• [Recorded data]
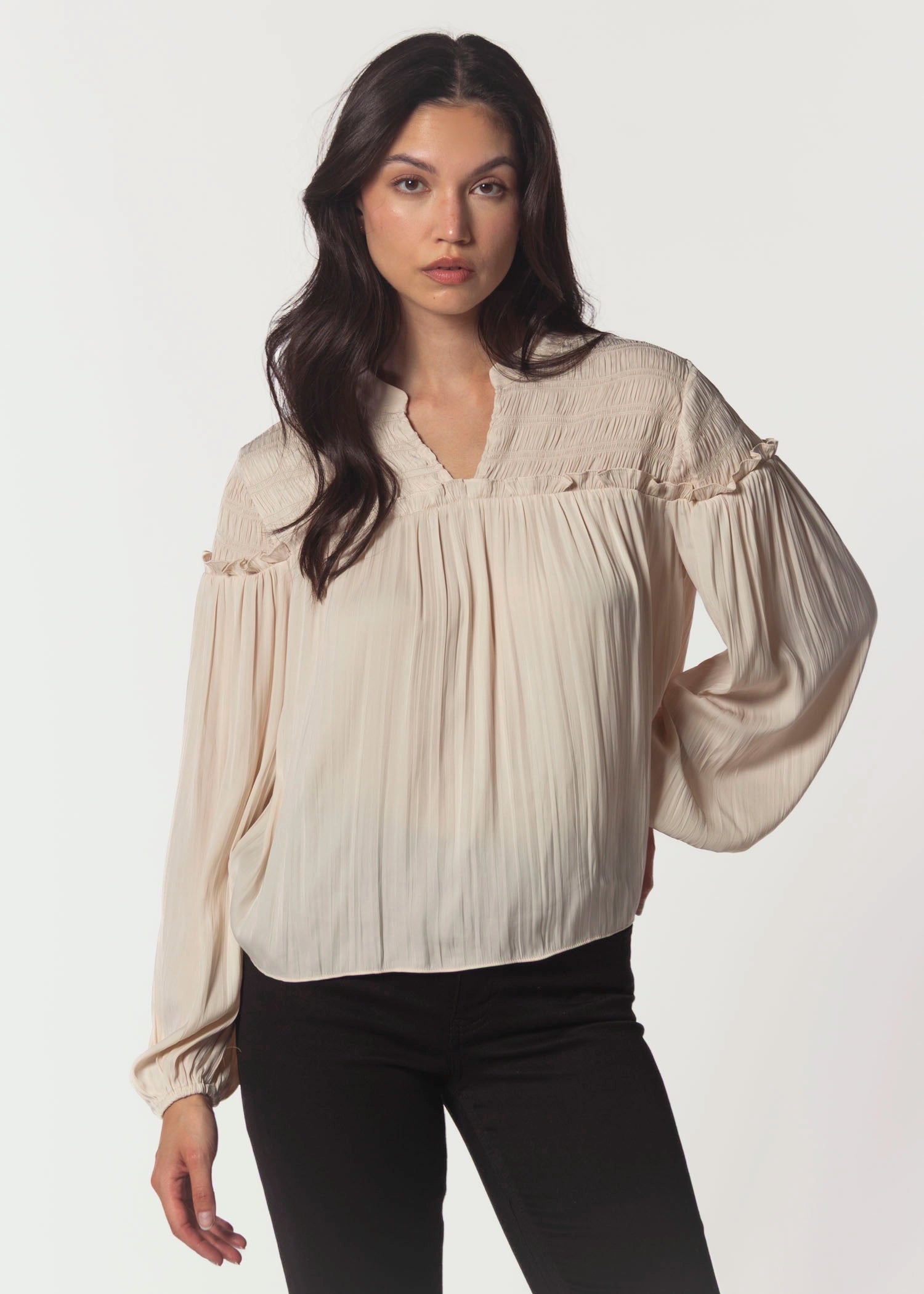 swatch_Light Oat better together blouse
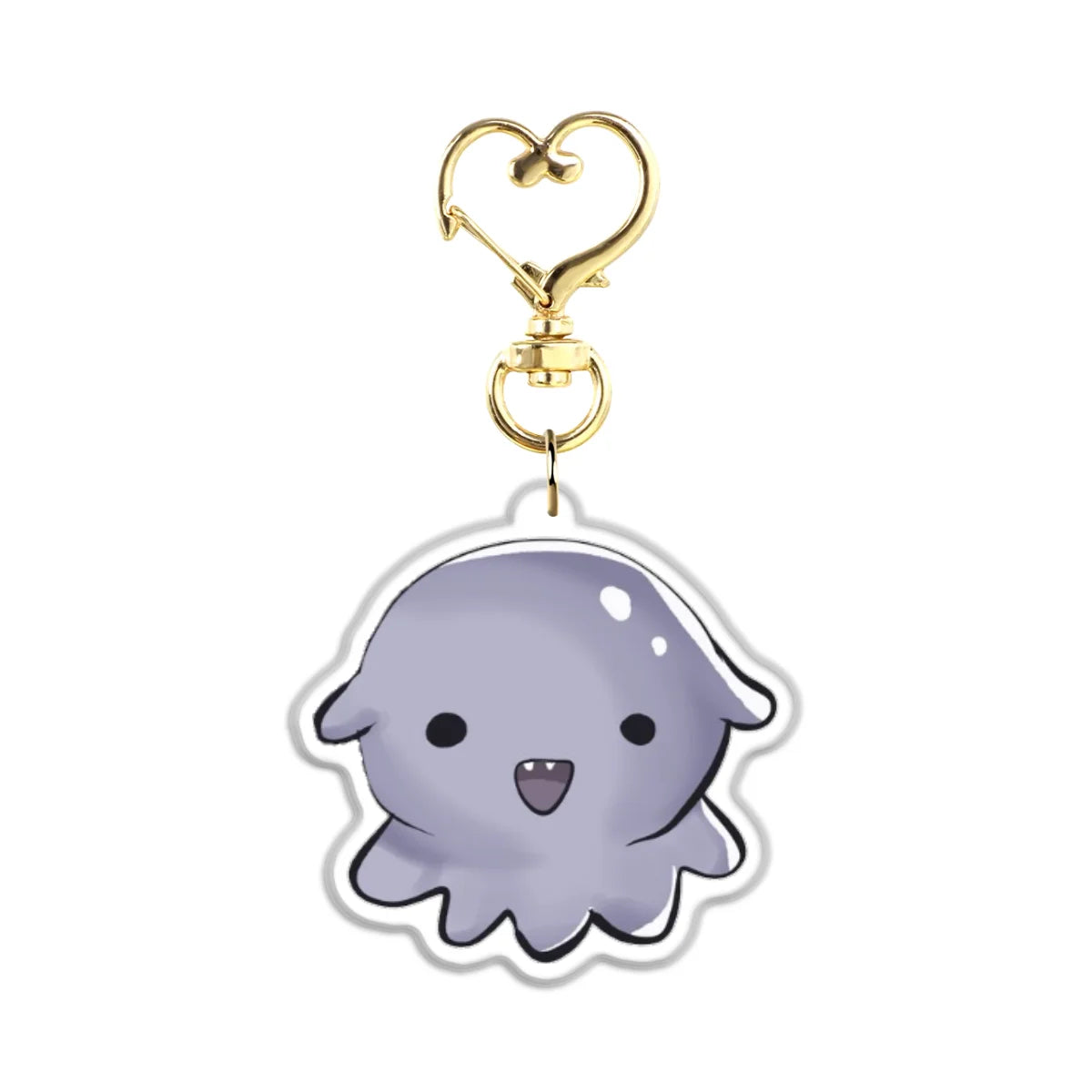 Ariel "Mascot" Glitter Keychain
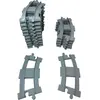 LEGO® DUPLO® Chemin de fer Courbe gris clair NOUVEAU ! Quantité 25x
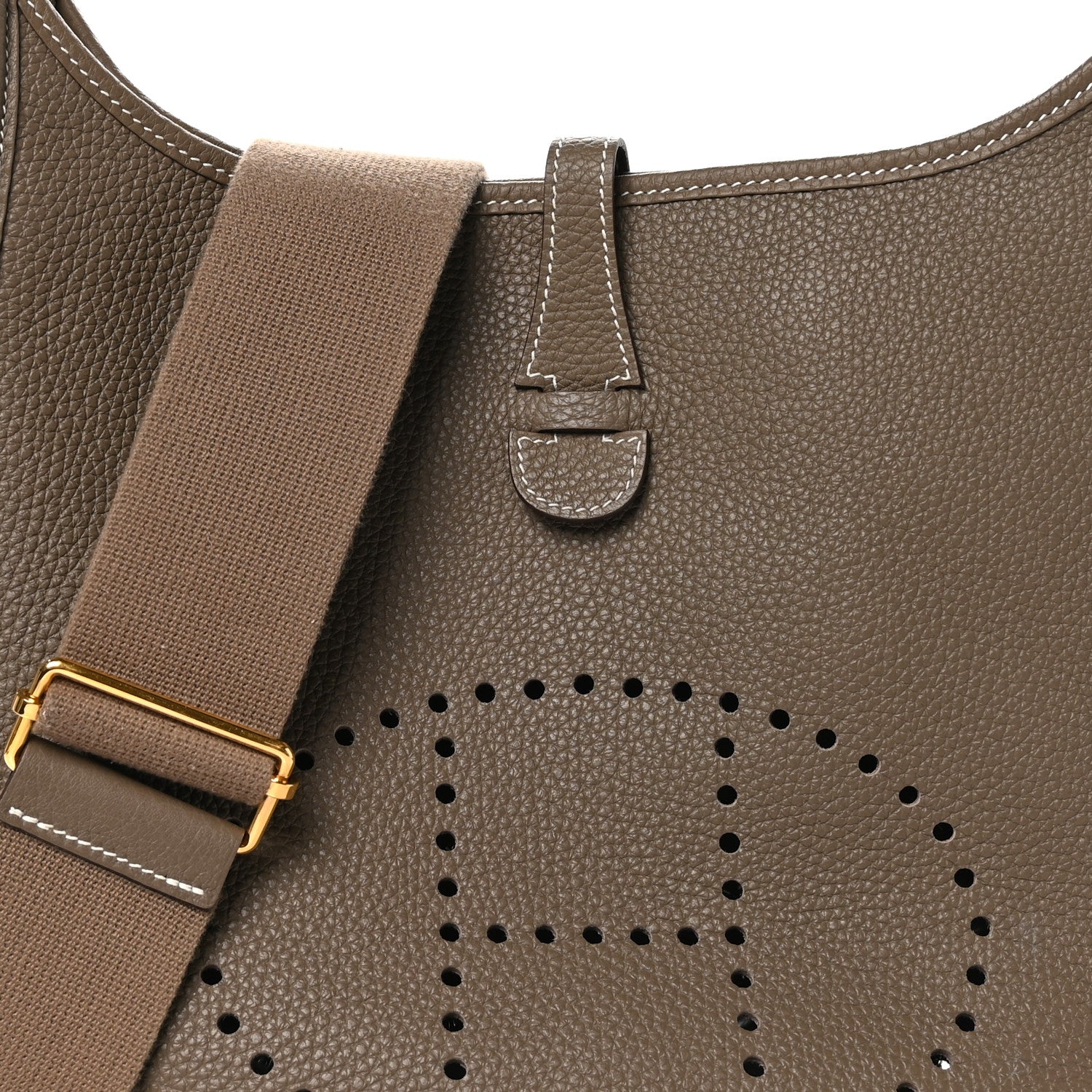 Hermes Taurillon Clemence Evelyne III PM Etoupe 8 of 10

• [Assigned task] Transcribe the material exactly, and leave out whatever pictures it holds.

• [Result]
 swatch_Light Oat better together blouse
 Ariel "Mascot" Glitter Keychain
 LEGO® DUPLO® Chemin de fer Courbe gris clair NOUVEAU ! Quantité 25x
 Hermes Taurillon Clemence Evelyne III PM Etoupe 8 of 10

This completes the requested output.